| I practise ashtanga, and am much more of a traditionalist about it now than I used to be.
Establishing an ashtanga practice is a well-defined, progressive, sequential process. The poses are all done in the same order, every practice. If you can't learn from an experienced ashtanga teacher, and can trust yourself to respect your limits, you can learn from a number of great books on the subject. Gregor Maehle and David Swenson both have great books which outline the primary series (Swenson's covers second series, too). The idea is to move through the series until you come to a pose that you find challenging (and here is where it is most important to have a teacher on hand - making that judgement!). Then, you work on that much of the sequence every day (except moon days and Saturdays), until that pose comes to you; then, you add the next pose. Any chance you could make a mysore class even once a month?

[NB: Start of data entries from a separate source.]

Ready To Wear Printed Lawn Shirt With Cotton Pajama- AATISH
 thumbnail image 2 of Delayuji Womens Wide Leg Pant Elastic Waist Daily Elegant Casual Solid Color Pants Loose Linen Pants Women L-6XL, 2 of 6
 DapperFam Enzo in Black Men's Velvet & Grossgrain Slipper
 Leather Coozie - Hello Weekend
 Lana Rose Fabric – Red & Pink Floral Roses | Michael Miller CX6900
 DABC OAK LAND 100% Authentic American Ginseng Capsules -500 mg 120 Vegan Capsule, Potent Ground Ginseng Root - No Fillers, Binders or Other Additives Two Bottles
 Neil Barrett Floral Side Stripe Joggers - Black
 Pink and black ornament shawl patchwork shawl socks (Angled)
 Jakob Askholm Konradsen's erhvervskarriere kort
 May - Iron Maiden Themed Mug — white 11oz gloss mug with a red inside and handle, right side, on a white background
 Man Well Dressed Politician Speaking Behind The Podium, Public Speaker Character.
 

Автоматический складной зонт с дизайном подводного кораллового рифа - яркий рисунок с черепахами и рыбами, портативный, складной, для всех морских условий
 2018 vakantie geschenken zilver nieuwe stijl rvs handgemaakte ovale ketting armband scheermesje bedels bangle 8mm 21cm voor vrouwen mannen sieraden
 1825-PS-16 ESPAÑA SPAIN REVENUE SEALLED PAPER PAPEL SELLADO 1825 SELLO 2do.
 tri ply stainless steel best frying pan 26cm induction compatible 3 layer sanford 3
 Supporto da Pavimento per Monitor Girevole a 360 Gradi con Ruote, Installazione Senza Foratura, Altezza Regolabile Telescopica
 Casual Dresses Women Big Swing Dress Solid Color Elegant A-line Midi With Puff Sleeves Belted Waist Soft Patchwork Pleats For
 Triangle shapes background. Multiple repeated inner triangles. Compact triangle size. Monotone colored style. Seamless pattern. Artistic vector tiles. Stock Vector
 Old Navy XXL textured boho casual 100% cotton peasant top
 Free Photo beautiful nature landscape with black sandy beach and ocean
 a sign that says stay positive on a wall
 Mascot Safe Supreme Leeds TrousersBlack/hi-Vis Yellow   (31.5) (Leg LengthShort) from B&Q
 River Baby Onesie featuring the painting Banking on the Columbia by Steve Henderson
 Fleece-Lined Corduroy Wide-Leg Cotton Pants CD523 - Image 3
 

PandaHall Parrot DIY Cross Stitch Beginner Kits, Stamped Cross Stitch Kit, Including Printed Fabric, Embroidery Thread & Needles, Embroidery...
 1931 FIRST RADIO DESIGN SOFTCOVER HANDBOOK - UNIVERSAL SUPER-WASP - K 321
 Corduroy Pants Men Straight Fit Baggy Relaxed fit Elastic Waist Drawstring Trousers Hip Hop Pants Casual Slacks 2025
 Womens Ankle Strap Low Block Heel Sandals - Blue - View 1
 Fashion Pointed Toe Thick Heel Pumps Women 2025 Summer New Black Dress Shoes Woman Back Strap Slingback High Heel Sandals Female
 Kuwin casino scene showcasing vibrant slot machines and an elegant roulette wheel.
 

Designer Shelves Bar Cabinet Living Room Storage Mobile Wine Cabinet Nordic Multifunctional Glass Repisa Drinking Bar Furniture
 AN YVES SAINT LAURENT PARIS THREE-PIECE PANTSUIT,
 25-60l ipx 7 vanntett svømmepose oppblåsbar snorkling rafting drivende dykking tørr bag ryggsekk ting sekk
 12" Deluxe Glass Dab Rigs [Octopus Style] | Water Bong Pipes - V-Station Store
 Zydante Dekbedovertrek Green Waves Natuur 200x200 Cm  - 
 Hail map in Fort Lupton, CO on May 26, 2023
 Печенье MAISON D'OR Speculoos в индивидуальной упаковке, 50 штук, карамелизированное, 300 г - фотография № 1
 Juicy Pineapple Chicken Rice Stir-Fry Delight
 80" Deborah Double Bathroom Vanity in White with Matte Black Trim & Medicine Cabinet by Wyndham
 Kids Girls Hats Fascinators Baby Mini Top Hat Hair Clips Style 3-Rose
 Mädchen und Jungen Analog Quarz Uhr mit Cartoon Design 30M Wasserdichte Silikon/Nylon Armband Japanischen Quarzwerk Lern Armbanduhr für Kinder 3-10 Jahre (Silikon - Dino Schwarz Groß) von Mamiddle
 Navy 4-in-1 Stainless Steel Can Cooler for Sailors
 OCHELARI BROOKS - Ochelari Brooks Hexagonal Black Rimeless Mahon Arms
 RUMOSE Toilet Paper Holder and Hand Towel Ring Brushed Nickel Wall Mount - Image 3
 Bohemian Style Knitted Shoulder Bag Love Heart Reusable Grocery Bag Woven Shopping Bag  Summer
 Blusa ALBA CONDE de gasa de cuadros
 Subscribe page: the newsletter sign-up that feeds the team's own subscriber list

The sequence is designed that the series prepares you for successive poses. For example, the hip opening in standing poses, janu sirsasanas and marichyasanas come before the more intense supta kurmasana.
You don't need any level of expertise to try ashtanga - rank beginners are encouraged to come along to mysore classes - the whole idea is that each student works at his or her level. If you wait until you think you can do all of primary before starting, you may be waiting a very long time indeed!
Ohmseven - my opinion is that you'd be better off finding an ashtanga class rather than doing the short forms. Those are fine if you're short on time, but there are, of course, poses left out; poses which are an important preparation for some of the harder stuff. Have you tried practising as I've outlined above? Don't omit anything, just go through the sequence until you reach a pose which is beyond you.